*EXERCISE DETAILS*
Starting from the top of the entries below and ending with the line containing "Rose Gold tropical", restate every line word for word, pictures omitted.

*SOURCE MATERIAL*
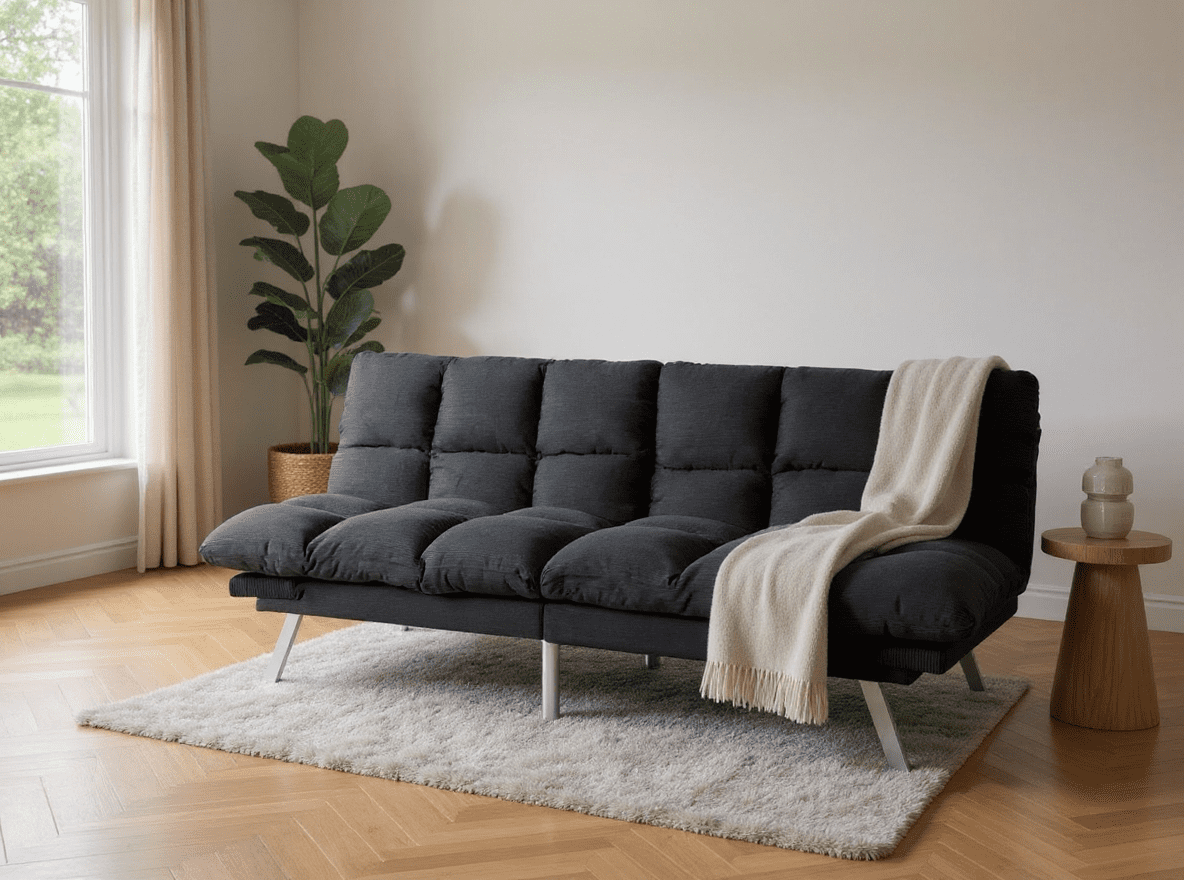 Gewnee 67.3 Inch Futon Sofa Bed, Corduroy Fabric Sleeper Sofa, Modern Loveseat for Apartments and Offices, Adjustable Backrest and Armrests.Black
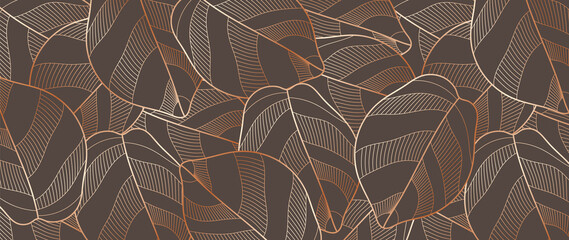 Rose Gold tropical leaves background vector. Luxury natural background for banner, print, wallpaper, wall arts and cover.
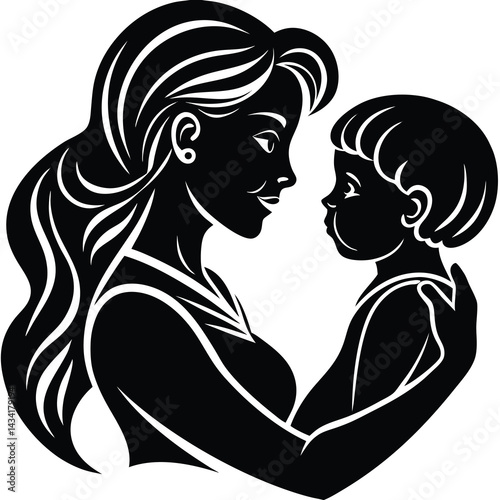 mother and child love silhouette vector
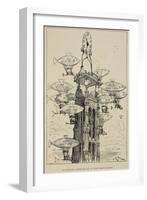 Flying Machines in the Shape Of Fish-Albert Robida-Framed Giclee Print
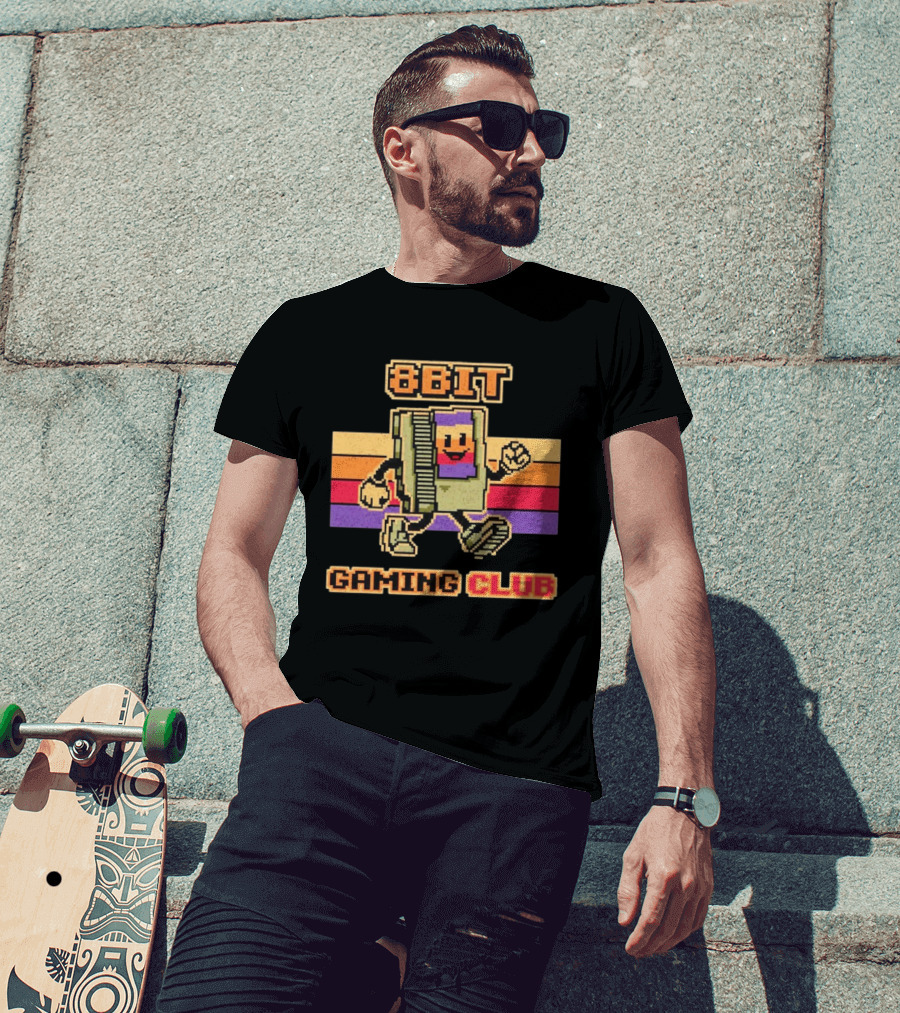 8bit Gaming Club Pixel Cartridge Retro Gamer T-Shirt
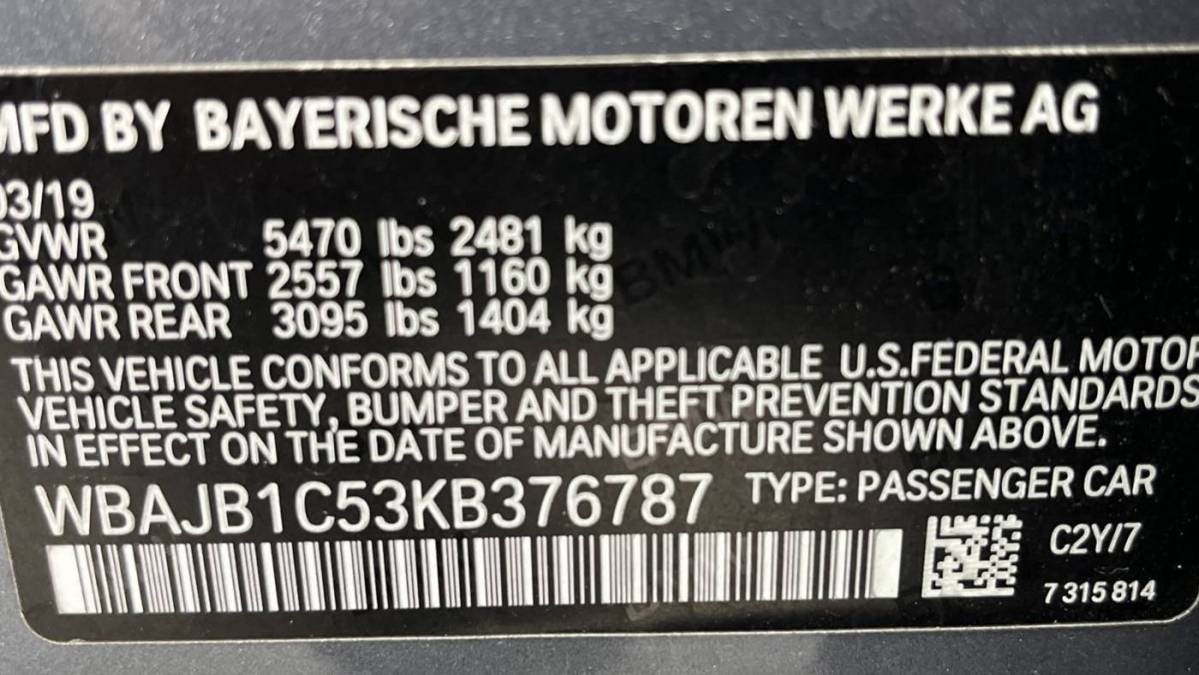 2019 BMW 5 Series WBAJB1C53KB376787
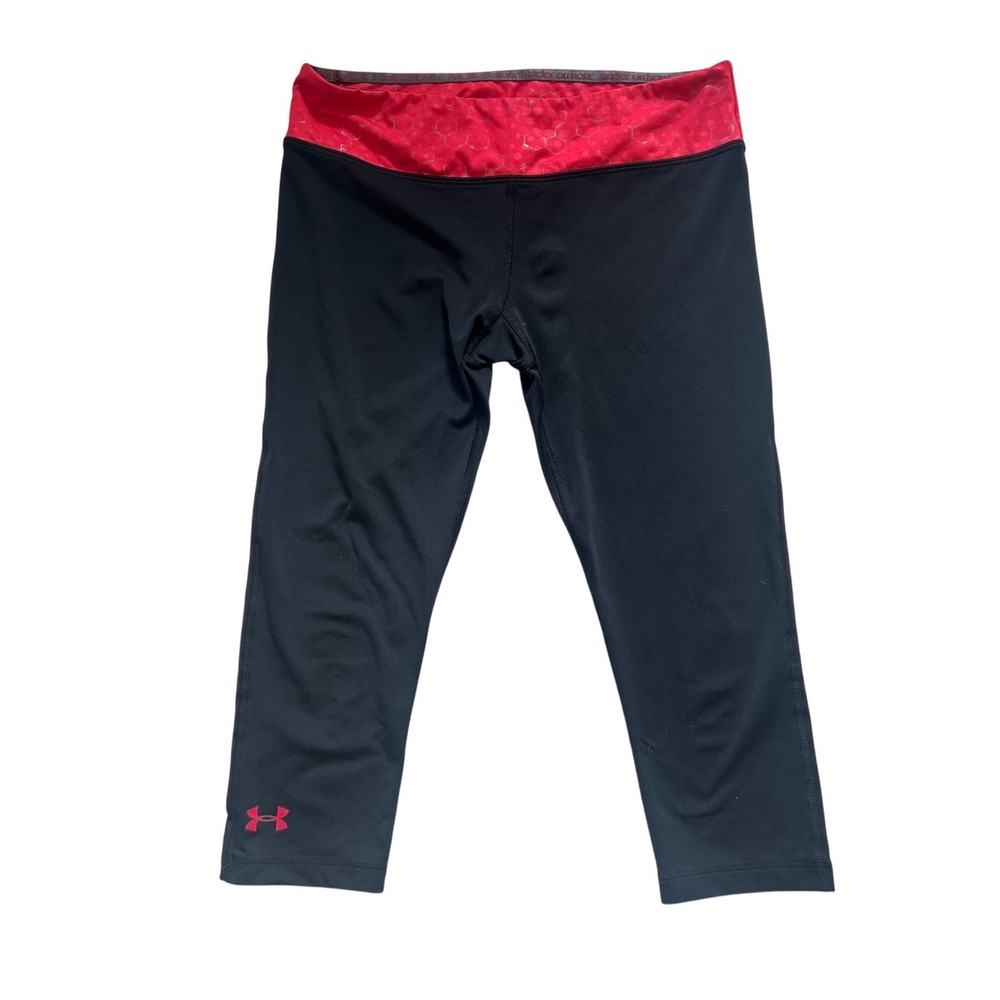 Under‎ Armour Black Capri Leggings With Pink Waistband Womens Medium HeatGear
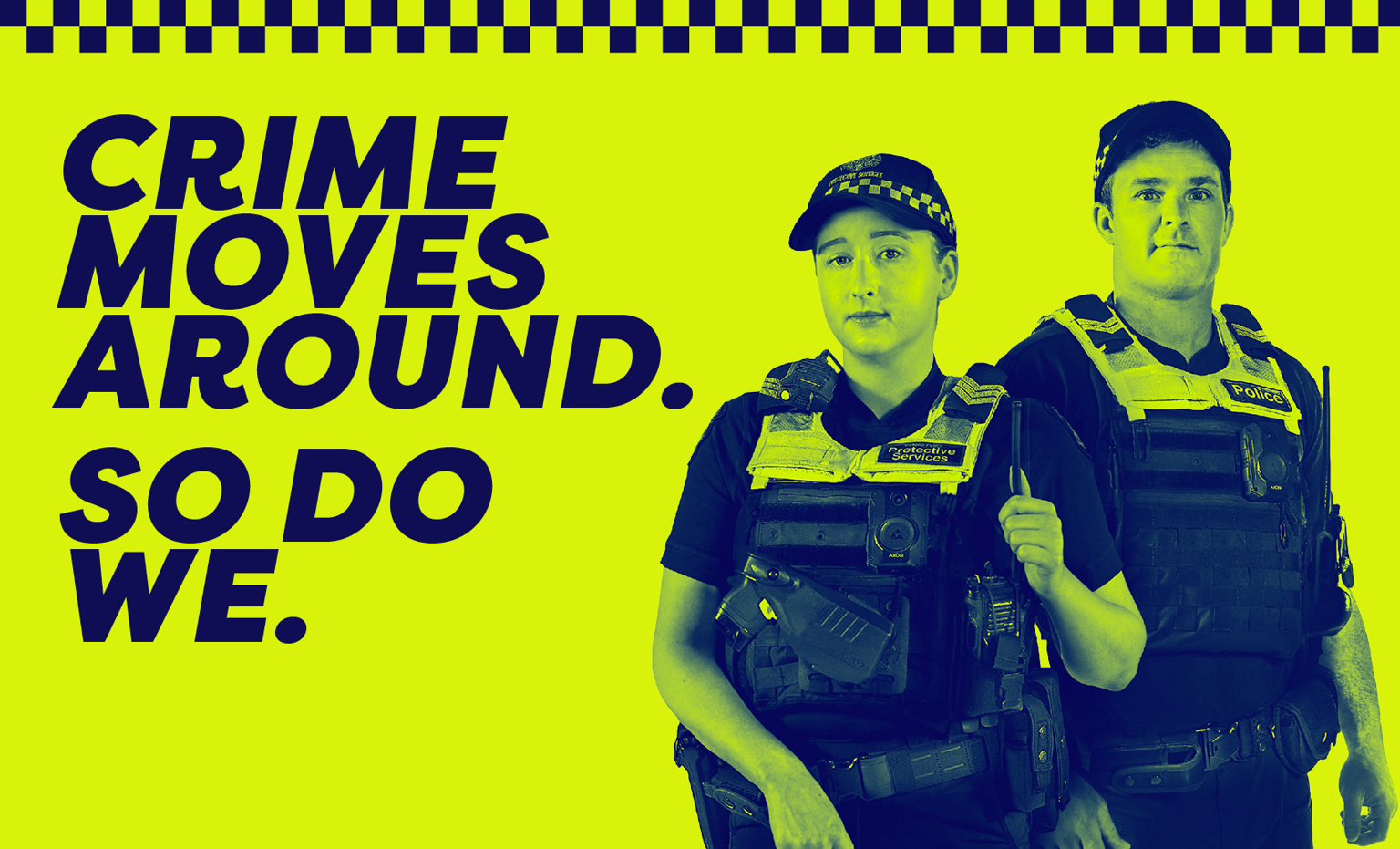 Two Victorian PSOs standing in front of a yellow background. Police tap runs across the top of the image. The image is promoting the new 90-day PSO program to keep Victorians safe across the 2025/26 summer.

*RESULT FOR THIS TASK*
 Gewnee 67.3 Inch Futon Sofa Bed, Corduroy Fabric Sleeper Sofa, Modern Loveseat for Apartments and Offices, Adjustable Backrest and Armrests.Black
 Rose Gold tropical leaves background vector. Luxury natural background for banner, print, wallpaper, wall arts and cover.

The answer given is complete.